▶ **Supplied material**

════════

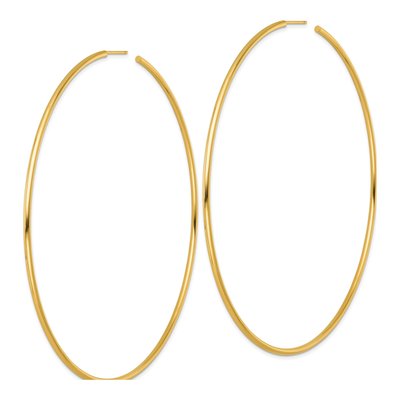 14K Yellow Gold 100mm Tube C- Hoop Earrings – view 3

════════

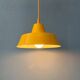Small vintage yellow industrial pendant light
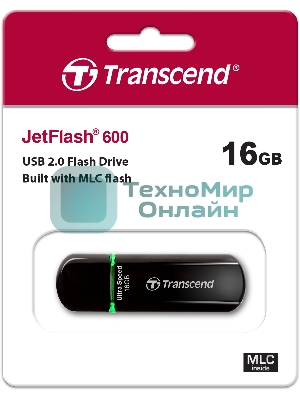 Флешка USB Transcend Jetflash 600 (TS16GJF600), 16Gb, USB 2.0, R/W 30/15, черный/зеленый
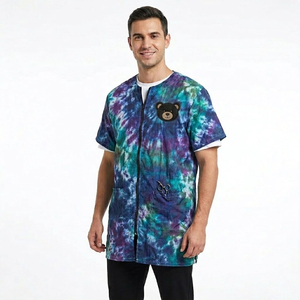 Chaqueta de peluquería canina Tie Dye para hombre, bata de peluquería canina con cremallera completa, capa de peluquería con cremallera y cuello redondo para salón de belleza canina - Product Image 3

════════

▶ **What the task requires**
Print, exactly and with no pictures, the lines of the listing above starting at the one that has "Флешка USB Transcend" and ending at the one that has "Chaqueta de peluquería", both included.

▶ **Exercise result**
 Флешка USB Transcend Jetflash 600 (TS16GJF600), 16Gb, USB 2.0, R/W 30/15, черный/зеленый
 Chaqueta de peluquería canina Tie Dye para hombre, bata de peluquería canina con cremallera completa, capa de peluquería con cremallera y cuello redondo para salón de belleza canina - Product Image 3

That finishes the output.